A rare elm tree reputed to be the biggest of its type in the country has been chopped down.
The Huntingdon Elm in Meadow Close, Higham Ferrers, was cut down by tree surgeon James Rose, after the decision was made it was unsafe.
The elm, which was 28 metres tall in its prime, was damaged in a storm in November 2010, when it lost a large branch, destroying a garage and conservatory belonging to a neighbouring home.
Mr Rose said: “When it lost its branch I was called out in the middle of the night in a howling gale to climb the tree and assess whether it was safe and whether the people who had been evacuated could go back to their homes.
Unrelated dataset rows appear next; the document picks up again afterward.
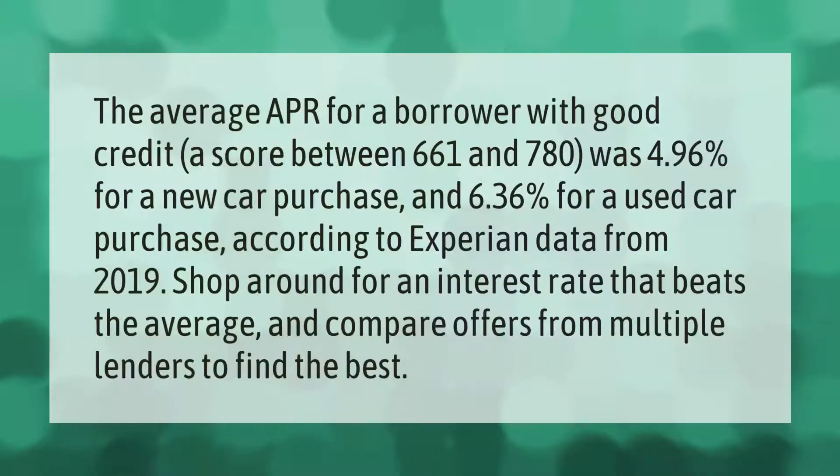The average APR for a borrower with good credit — a score between 661 and 780 — was 4.96% for a new car purchase and 6.36% for a used car purchase, according to Experian data from 2019. Shop around for an interest rate that beats the average and compare offers from multiple lenders to find the best.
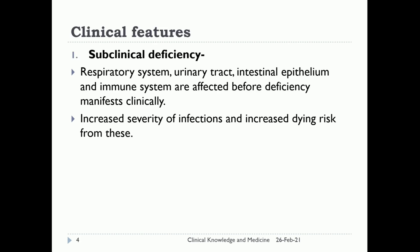Clinical features. Subclinical deficiency: the respiratory system, urinary tract, intestine, epithelium, and immune system are affected before deficiency manifests clinically. There is increased severity of infections and increased risk of dying from these. All the systems of the body are affected due to deficiency of vitamin A.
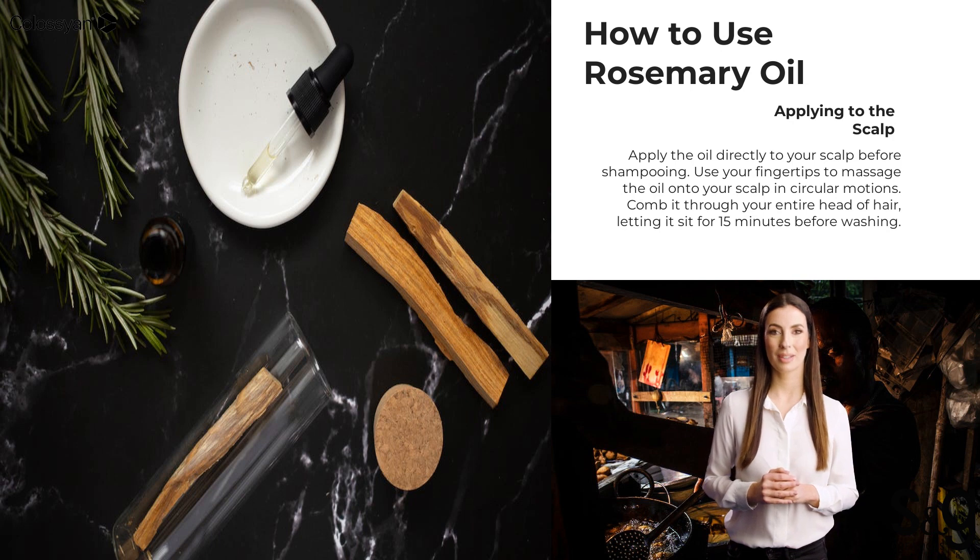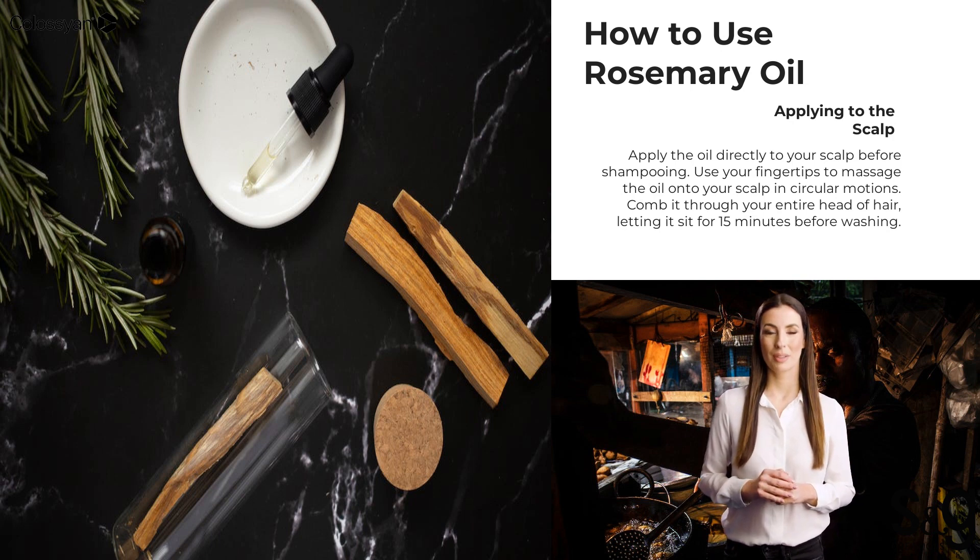Rosemary essential oils from Sanji Creations is 100% pure, 100% natural, and 100% traceable.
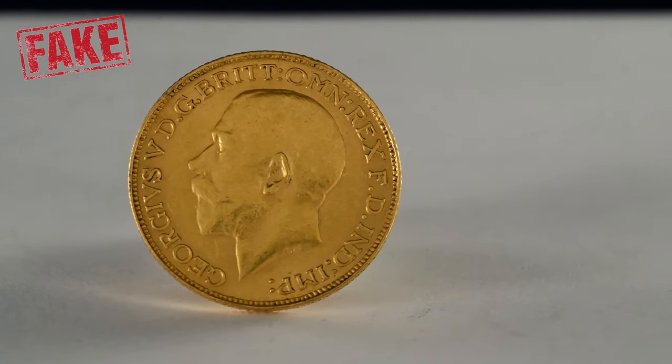Be sure to check out the links in the description of this video to have a look at our sovereign range. Give this video a like — we'd love to share a bit of information to help other people avoid buying fake coins. If you subscribe to our YouTube channel, which is free to do, it means you won't miss any of our future uploads. We're also on Facebook, Instagram, Twitter and TikTok, and we've got our shop and online store. I'll see you next time for more amazing coins from the Britannia Coin Company.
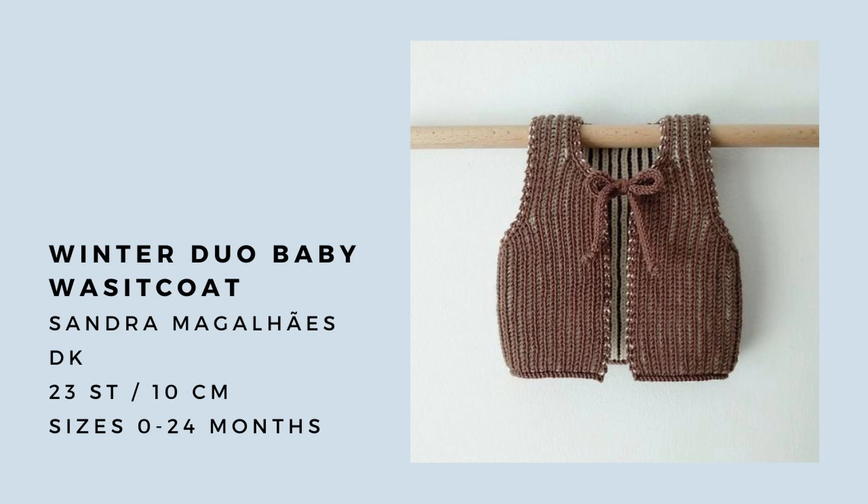The next pattern is the Winter Baby Duo Waistcoat, which is a pattern by Sandra Magalhaich — she's a Portuguese designer. She makes lots of really beautiful kids patterns and I've knit up a child's pattern from her before and really enjoyed it. This vest in particular I really like. Vests and outerwear in general are perfect for wintertime, and vests especially because you can put them on the baby but they're not going to overheat. There's a lot of keeping your baby warm but not overheating to manage, and I like that with a vest they can still have their arms free but have a little bit of warmth around their core.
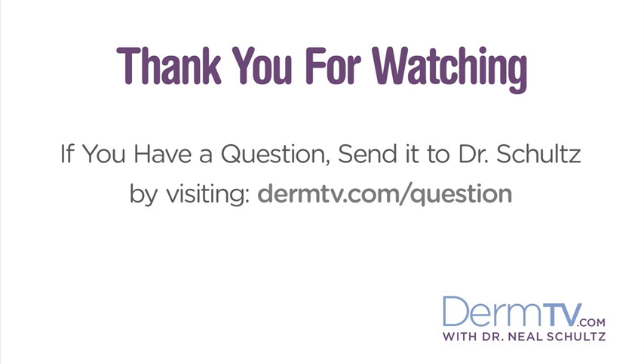Please join me again at DermTV.com. If you have a question, please send it to me by visiting DermTV.com. I'm Dr. Neal Schultz and thank you for watching today.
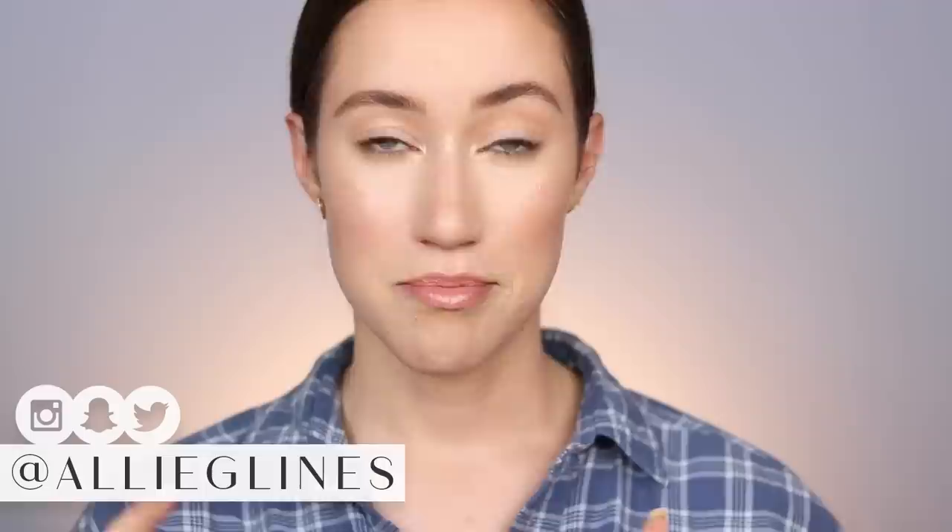Hey guys, welcome back to my channel. I know I look a little funny right now — I'm not wearing mascara, which is the one thing I always need on my face to feel complete. So I'm feeling a little incomplete, but I'm going to be testing out and demoing some mascaras for you guys. I'm kind of trying to build a playlist all about my favorite drugstore products, making it super easy for you to walk into Walmart or your drugstore and look at my playlist for my top picks per category.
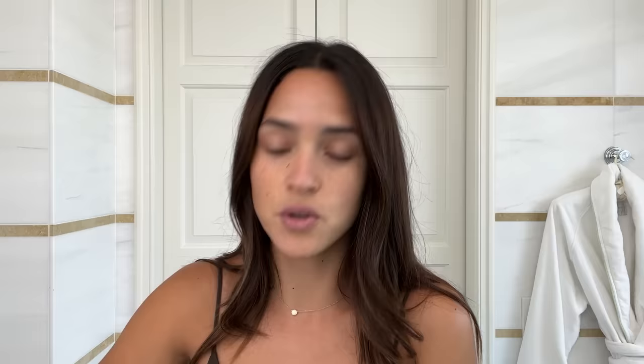Don't get it too close to your eye, but it just helps me depuff. I use this a lot when I'm filming or if I have long flights and I have to look good the second I land. Then I go in with these Peter Thomas Roth Cucumber Detox Eye Masks. I've actually been using these for years — if you know me, you've seen me with these green things on my face.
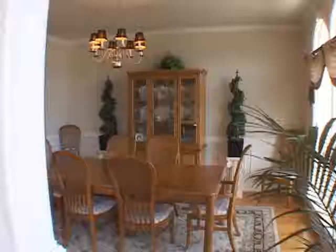Turning left beyond the arched openings is the formal living room or study. And as we continue across the foyer we'll enter the formal dining room, which features shadow box details.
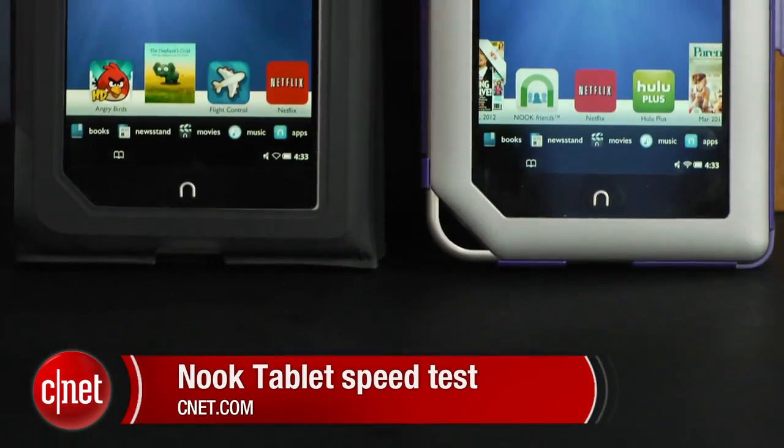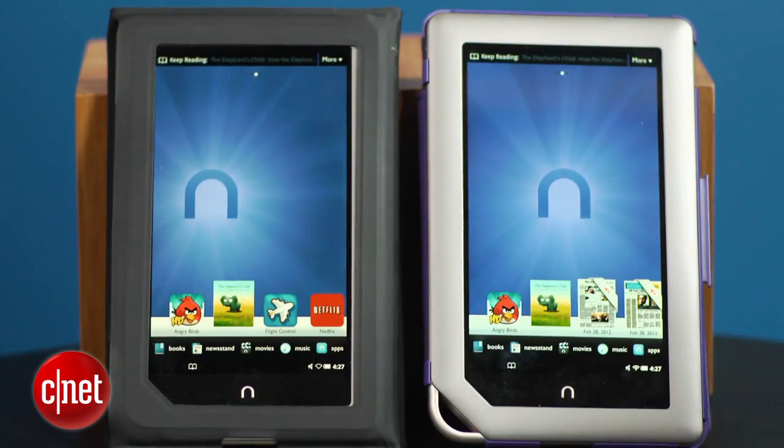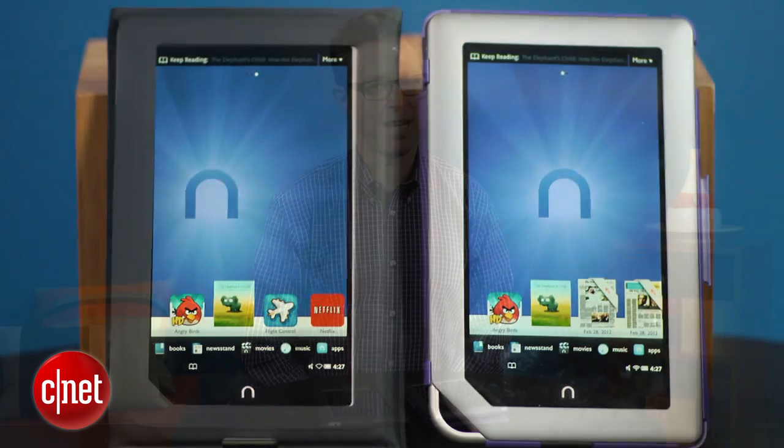Hi, I'm David Carnoy, Executive Editor for CNET.com, and I'm here with Barnes & Noble's two Nook tablets. They both look identical, but on the left we have the original $249 model that comes with 16GB of memory and 1GB of RAM. On the right is the newer $199 model that has 8GB of memory and 512MB of RAM.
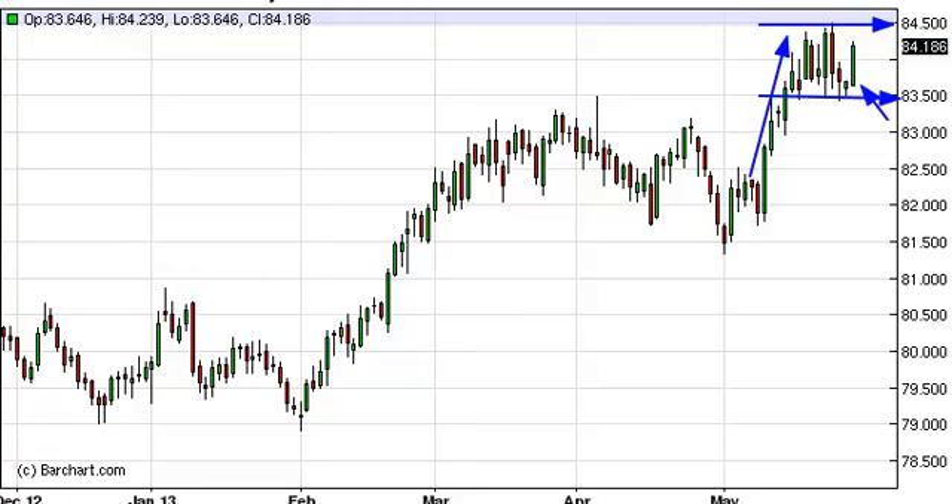We feel it's only a matter of time before we break above 84.50, and once we do, we should make our way towards 88 over the next several weeks, possibly months. We don't know the time frame it's going to take to get there, but quite frankly, on the longer-term charts, it does not look like there's a whole lot standing between here and there.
It was quite exciting, the fire service were there and the police and the Red Cross.
“We had to do quite a heavy reduction to try and save it after that, and we have done a lot of work on the tree over the years, but ultimately we had to fell it.”
The storm that brought the branch down in November 2010 was described as being like a “mini tornado”.
People living in houses within a 50-metre radius of the tree were evacuated from their homes while the tree was inspected.
One of those who was evacuated, Gary Woodock, said at the time: “The tree is very old.
“We should be grateful no-one was hurt.”
It is thought the tree was about 300 years old and it is listed in the Tree Register of the British Isles as the biggest Huntingdon elm in the country.
The decision to fell the tree was taken after an inspection showed there were no live branches anywhere in the tree’s canopy any more and that there were signs of woodworm and evidence of a large hole in the main stem.
The tree was so big, Mr Rose had to use a crane to help him fell it.
Mr Rose said: “I don’t normally get sentimental about trees, but because I’ve spent four years with this one, I got quite attached to it.
“After the storm in November 2010 I spent five days in the tree pruning it and we tried really hard over the years to save it, but we couldn’t.
“It has been an honour working on the tree and it was really sad to see it go.
“We’ve kept a 12 foot stem as a memorial.
“Part of the reason why we left part of the tree when we cut it down was because I didn’t have a chainsaw big enough to topple it and I didn’t know anyone who did.
“We had to use a huge 35-ton crane to help us cut the tree down and we managed to get the bulk of it down in one go. I felt a mixture of excitement and sadness when I was felling it.
“The wood will go off for milling and will probably be made into furniture.”
According to local folklore the tree is haunted by the ghost of a farmer who crashed his tractor into it and died.
Mr Rose said: “Sometimes you see flowers and a wreath at its base and no-one knows where they come from.”
He added: “It is quite rare for elm trees to reach the height of this one, normally they get to about 12 feet and they get attacked by the elm bark beetle, which carries the funghi that leads to Dutch elm disease.”